Mr. Medderbrook was greatly pleased with this and told Mr. Gubb so.

“This is a bully payment on account,” he said, “and if you keep on this way you’ll soon be all paid up, but you don’t want to let that worry you, for I’m having a brand-new lot of stock in a brand-new mine printed, and I’ll sell you a whole lot of it as soon as we are square. I’m going to call it the Little Syrilla Gold-Mine–“

“I don’t think I’ll buy any more gold-mine stock after the present lot is paid up completely full,” said Mr. Gubb.

“That’s all right,” said Mr. Medderbrook. “I haven’t given the printer final orders yet and if you prefer something else I’ll make it Oil-Well stock. It is all the same to me. The property will produce just as much oil as it will gold. Every bit!”

“Have you heard from Miss Syrilla recently of late?” asked Mr. Gubb.

“Yes, I have,” said Mr. Medderbrook. “I have heard two dollars and a half’s worth.”

The telegram, which Mr. Medderbrook permitted Mr. Gubb to read after he had paid the cash in hand, said:–

Heaven smiles on us. Have given up all vegetable diet. Have given up potatoes, beets, artichokes, fried parsnips, Swiss chard, turnips, squash, kohl-rabi, boiled radishes, sugar beets, corn on the cob, cow pumpkin, mushrooms, string beans, asparagus, spinach, and canned and fresh tomatoes. Have lost ten pounds more. Weight now only nine hundred and fifteen pounds. Dorgan worried. I dream of Gubby and love.

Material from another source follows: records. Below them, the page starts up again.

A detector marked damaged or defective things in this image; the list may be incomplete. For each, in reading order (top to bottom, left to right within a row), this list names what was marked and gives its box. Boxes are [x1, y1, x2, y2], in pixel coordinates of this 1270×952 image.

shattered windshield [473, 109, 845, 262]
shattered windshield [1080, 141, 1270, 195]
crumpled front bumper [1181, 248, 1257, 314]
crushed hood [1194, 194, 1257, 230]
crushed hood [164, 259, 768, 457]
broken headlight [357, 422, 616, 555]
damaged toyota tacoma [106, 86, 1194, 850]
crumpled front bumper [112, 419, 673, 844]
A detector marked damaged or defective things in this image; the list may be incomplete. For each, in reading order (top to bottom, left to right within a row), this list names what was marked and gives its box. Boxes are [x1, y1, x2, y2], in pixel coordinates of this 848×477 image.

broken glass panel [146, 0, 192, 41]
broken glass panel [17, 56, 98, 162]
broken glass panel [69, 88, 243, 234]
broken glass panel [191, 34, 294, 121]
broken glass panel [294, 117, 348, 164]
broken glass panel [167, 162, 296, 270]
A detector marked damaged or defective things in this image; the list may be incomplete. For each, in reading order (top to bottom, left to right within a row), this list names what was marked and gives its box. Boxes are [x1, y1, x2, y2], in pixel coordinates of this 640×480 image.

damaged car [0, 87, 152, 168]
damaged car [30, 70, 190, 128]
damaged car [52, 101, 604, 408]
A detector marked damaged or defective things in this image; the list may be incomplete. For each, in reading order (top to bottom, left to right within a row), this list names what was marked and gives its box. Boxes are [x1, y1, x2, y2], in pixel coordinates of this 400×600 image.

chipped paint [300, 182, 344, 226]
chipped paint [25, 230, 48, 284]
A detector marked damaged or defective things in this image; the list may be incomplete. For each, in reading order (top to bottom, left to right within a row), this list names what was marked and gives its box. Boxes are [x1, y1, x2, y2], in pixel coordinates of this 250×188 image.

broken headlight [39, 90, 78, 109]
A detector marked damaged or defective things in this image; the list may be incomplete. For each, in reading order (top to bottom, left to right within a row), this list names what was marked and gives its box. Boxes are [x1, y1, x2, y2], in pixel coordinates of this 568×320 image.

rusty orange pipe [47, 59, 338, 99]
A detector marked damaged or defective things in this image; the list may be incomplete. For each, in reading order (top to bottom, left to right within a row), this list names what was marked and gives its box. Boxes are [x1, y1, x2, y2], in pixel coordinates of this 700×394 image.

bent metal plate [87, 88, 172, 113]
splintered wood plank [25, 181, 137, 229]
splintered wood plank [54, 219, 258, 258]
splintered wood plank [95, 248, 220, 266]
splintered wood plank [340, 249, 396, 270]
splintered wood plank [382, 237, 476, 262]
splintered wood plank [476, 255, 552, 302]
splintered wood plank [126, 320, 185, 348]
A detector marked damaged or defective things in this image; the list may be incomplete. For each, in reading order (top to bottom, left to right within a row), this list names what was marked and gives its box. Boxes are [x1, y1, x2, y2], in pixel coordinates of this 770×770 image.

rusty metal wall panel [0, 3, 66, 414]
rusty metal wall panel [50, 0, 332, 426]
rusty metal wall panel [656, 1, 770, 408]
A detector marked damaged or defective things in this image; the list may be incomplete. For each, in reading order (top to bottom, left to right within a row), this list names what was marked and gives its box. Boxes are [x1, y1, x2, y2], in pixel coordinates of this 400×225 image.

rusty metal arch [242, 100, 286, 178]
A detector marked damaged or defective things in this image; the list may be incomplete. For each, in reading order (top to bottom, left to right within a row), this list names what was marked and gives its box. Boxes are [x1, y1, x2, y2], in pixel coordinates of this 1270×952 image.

Mr. Gubb sighed happily. “I suppose,” he said blissfully, “that by the present moment of time Miss Syrilla has only got left a remainder of six double chins out of seven, dear little one!” And he went back to his office feeling that it would not be long now before the apple of his eye was released from her side-show contract.

The next day Mr. Gubb had begun his labors on a new and interesting case when the door opened.

“Gubb, come across the hall here!”

Gubb looked up from the labor in which he was engaged and blinked at Lawyer Higgins.

“At the present time I am momently engaged upon a case,” said Mr. Gubb. “As soon as I am disengaged away from what I am at, I expect to be engaged at the next thing I have to do. I shouldn’t wish to assume to be rude, Mr. Higgins, but when a deteckative is working up a case, and has a sign on his door ‘Out–Back at Midnight,’ he generally means he ain’t receiving callers on no account.”

“That’s all right,” said Higgins briskly, “but this is business. I’ve got a real job for you.”

“I am engaged upon a real job now,” said Philo Gubb.

“This is a detective job,” said Mr. Higgins. “We want you to find a man, and if you find him, there’s two hundred dollars in it for you. What sort of a job is it you have on hand?”

“I am searching out the whereabouts of a lost party,” said Gubb earnestly. “I’m investigating clues at the present time and moment.”